** Opening Data records block **

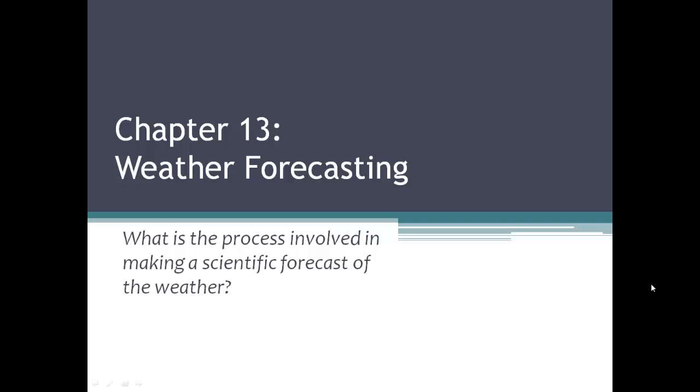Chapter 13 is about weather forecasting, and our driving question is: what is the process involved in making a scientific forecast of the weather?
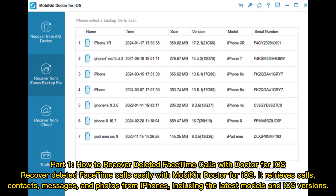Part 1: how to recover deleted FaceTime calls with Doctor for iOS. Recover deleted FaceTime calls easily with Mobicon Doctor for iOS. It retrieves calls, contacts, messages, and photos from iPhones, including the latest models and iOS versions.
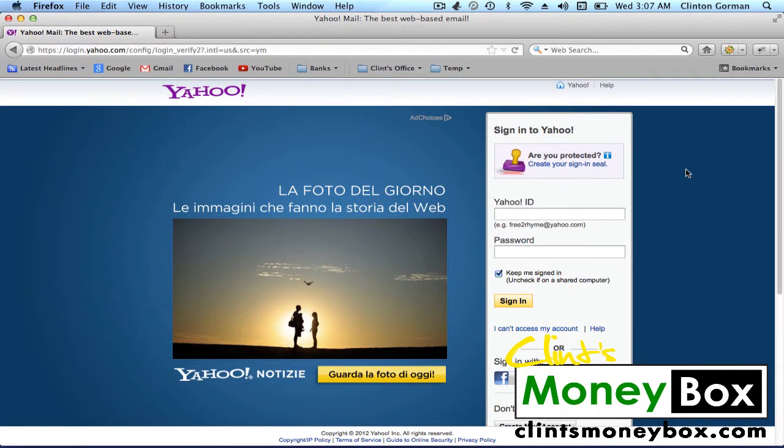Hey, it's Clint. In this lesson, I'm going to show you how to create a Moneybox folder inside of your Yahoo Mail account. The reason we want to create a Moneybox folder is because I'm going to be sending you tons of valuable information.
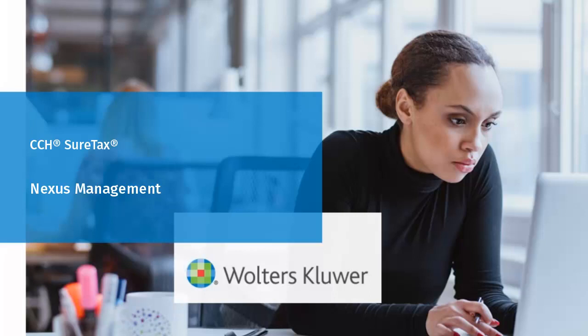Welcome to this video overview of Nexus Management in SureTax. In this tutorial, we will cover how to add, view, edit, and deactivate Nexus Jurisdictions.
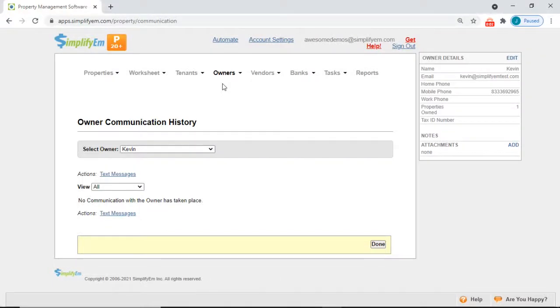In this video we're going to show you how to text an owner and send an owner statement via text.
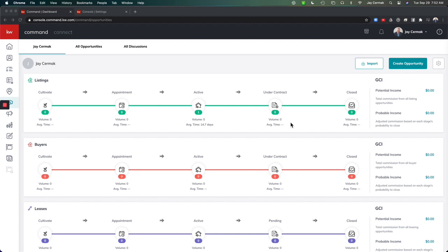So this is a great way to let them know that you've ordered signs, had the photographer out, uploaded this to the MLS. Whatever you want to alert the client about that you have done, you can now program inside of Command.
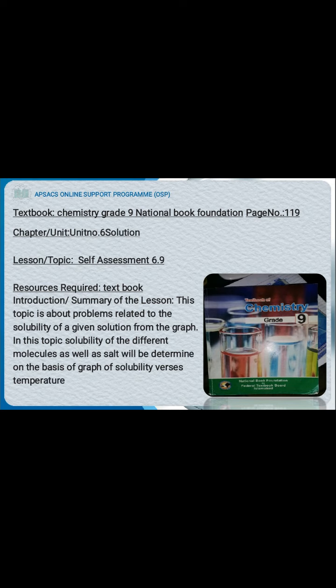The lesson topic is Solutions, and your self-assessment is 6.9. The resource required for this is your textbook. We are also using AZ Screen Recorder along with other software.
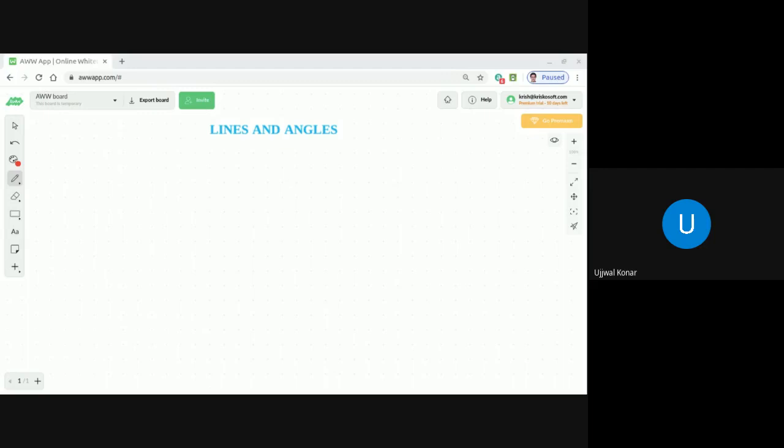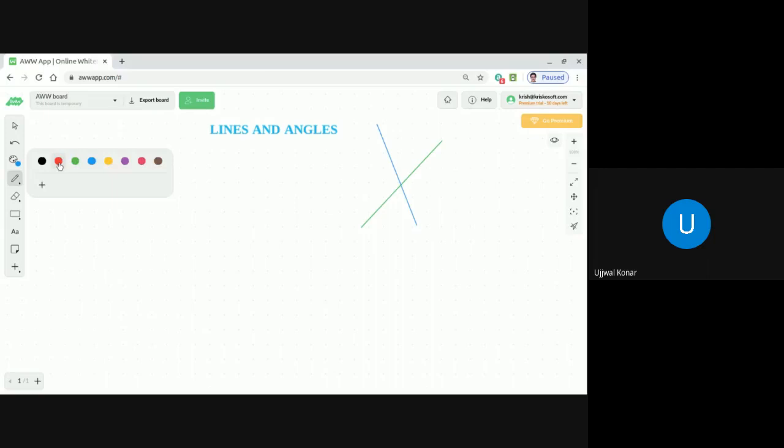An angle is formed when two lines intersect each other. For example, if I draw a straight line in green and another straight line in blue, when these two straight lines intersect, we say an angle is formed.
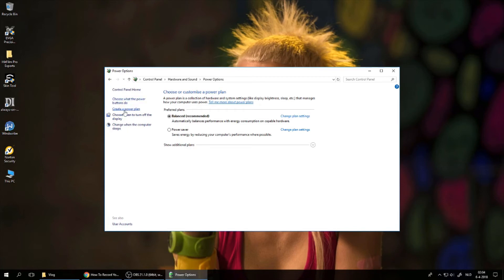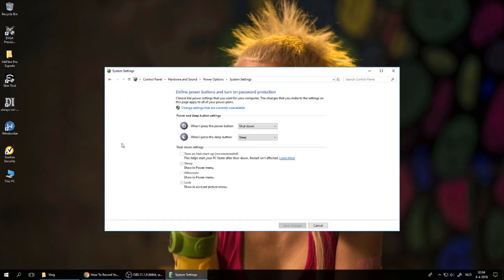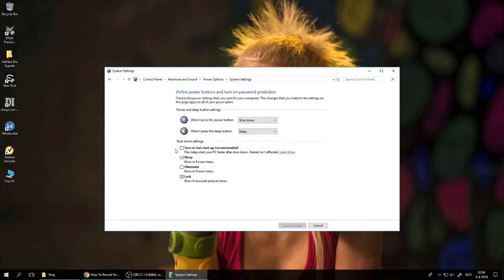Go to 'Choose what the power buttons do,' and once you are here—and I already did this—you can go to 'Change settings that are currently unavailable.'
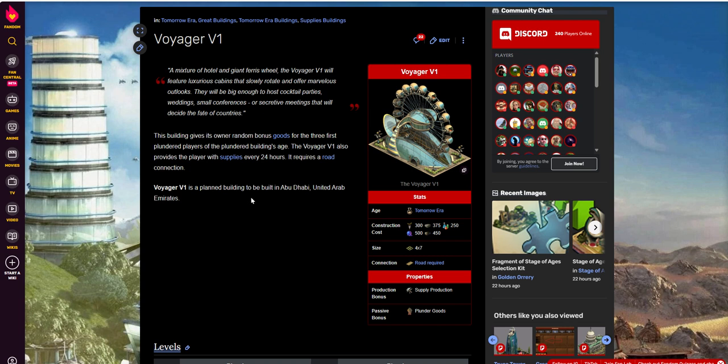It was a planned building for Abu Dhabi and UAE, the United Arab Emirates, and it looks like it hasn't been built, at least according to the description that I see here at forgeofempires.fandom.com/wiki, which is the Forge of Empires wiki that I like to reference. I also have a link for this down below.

** Closing Data records block **

=== Your objective ===
The material above holds pictures; leave them out. Repeat exactly the lines from the one containing "So this is a" through the one containing "The lesson topic", and nothing else.

=== Task answer ===
So this is a great way to let them know that you've ordered signs, had the photographer out, uploaded this to the MLS. Whatever you want to alert the client about that you have done, you can now program inside of Command.
The lesson topic is Solutions, and your self-assessment is 6.9. The resource required for this is your textbook. We are also using AZ Screen Recorder along with other software.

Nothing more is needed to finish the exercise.